** Work to be completed **
Retype each entry below, keeping every character the same.
Start of Data shown
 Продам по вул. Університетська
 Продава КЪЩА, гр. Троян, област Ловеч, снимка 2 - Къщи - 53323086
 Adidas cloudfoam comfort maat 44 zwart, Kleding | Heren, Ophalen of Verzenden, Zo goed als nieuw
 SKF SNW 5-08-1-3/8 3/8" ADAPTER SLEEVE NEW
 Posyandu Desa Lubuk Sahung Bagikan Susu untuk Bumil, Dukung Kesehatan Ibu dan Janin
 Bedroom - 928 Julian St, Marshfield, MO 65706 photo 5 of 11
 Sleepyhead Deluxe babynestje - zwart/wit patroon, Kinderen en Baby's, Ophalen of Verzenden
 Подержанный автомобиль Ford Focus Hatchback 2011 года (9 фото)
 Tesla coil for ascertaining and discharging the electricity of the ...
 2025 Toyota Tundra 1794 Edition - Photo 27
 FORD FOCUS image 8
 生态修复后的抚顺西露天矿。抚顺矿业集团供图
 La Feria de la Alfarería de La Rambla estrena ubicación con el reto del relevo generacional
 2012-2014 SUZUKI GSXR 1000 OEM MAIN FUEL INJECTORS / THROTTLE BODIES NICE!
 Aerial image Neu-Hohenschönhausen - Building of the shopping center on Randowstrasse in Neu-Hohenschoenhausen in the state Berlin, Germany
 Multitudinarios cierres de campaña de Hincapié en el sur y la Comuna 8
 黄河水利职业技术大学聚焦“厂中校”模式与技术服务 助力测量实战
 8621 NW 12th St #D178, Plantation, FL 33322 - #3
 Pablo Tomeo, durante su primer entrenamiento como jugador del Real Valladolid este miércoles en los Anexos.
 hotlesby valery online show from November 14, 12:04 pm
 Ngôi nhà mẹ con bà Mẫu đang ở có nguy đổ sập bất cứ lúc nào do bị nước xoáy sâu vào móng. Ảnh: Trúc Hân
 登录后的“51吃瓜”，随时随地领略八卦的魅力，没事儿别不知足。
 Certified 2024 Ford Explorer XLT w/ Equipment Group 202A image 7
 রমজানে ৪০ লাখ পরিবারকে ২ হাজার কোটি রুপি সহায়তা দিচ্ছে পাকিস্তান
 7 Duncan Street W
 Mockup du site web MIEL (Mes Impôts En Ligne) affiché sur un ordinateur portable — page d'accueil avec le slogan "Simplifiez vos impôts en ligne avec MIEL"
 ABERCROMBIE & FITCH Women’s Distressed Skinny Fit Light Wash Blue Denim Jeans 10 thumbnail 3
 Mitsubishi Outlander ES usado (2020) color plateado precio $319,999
End of Data shown
** Result of this exercise **
 Продам по вул. Університетська
 Продава КЪЩА, гр. Троян, област Ловеч, снимка 2 - Къщи - 53323086
 Adidas cloudfoam comfort maat 44 zwart, Kleding | Heren, Ophalen of Verzenden, Zo goed als nieuw
 SKF SNW 5-08-1-3/8 3/8" ADAPTER SLEEVE NEW
 Posyandu Desa Lubuk Sahung Bagikan Susu untuk Bumil, Dukung Kesehatan Ibu dan Janin
 Bedroom - 928 Julian St, Marshfield, MO 65706 photo 5 of 11
 Sleepyhead Deluxe babynestje - zwart/wit patroon, Kinderen en Baby's, Ophalen of Verzenden
 Подержанный автомобиль Ford Focus Hatchback 2011 года (9 фото)
 Tesla coil for ascertaining and discharging the electricity of the ...
 2025 Toyota Tundra 1794 Edition - Photo 27
 FORD FOCUS image 8
 生态修复后的抚顺西露天矿。抚顺矿业集团供图
 La Feria de la Alfarería de La Rambla estrena ubicación con el reto del relevo generacional
 2012-2014 SUZUKI GSXR 1000 OEM MAIN FUEL INJECTORS / THROTTLE BODIES NICE!
 Aerial image Neu-Hohenschönhausen - Building of the shopping center on Randowstrasse in Neu-Hohenschoenhausen in the state Berlin, Germany
 Multitudinarios cierres de campaña de Hincapié en el sur y la Comuna 8
 黄河水利职业技术大学聚焦“厂中校”模式与技术服务 助力测量实战
 8621 NW 12th St #D178, Plantation, FL 33322 - #3
 Pablo Tomeo, durante su primer entrenamiento como jugador del Real Valladolid este miércoles en los Anexos.
 hotlesby valery online show from November 14, 12:04 pm
 Ngôi nhà mẹ con bà Mẫu đang ở có nguy đổ sập bất cứ lúc nào do bị nước xoáy sâu vào móng. Ảnh: Trúc Hân
 登录后的“51吃瓜”，随时随地领略八卦的魅力，没事儿别不知足。
 Certified 2024 Ford Explorer XLT w/ Equipment Group 202A image 7
 রমজানে ৪০ লাখ পরিবারকে ২ হাজার কোটি রুপি সহায়তা দিচ্ছে পাকিস্তান
 7 Duncan Street W
 Mockup du site web MIEL (Mes Impôts En Ligne) affiché sur un ordinateur portable — page d'accueil avec le slogan "Simplifiez vos impôts en ligne avec MIEL"
 ABERCROMBIE & FITCH Women’s Distressed Skinny Fit Light Wash Blue Denim Jeans 10 thumbnail 3
 Mitsubishi Outlander ES usado (2020) color plateado precio $319,999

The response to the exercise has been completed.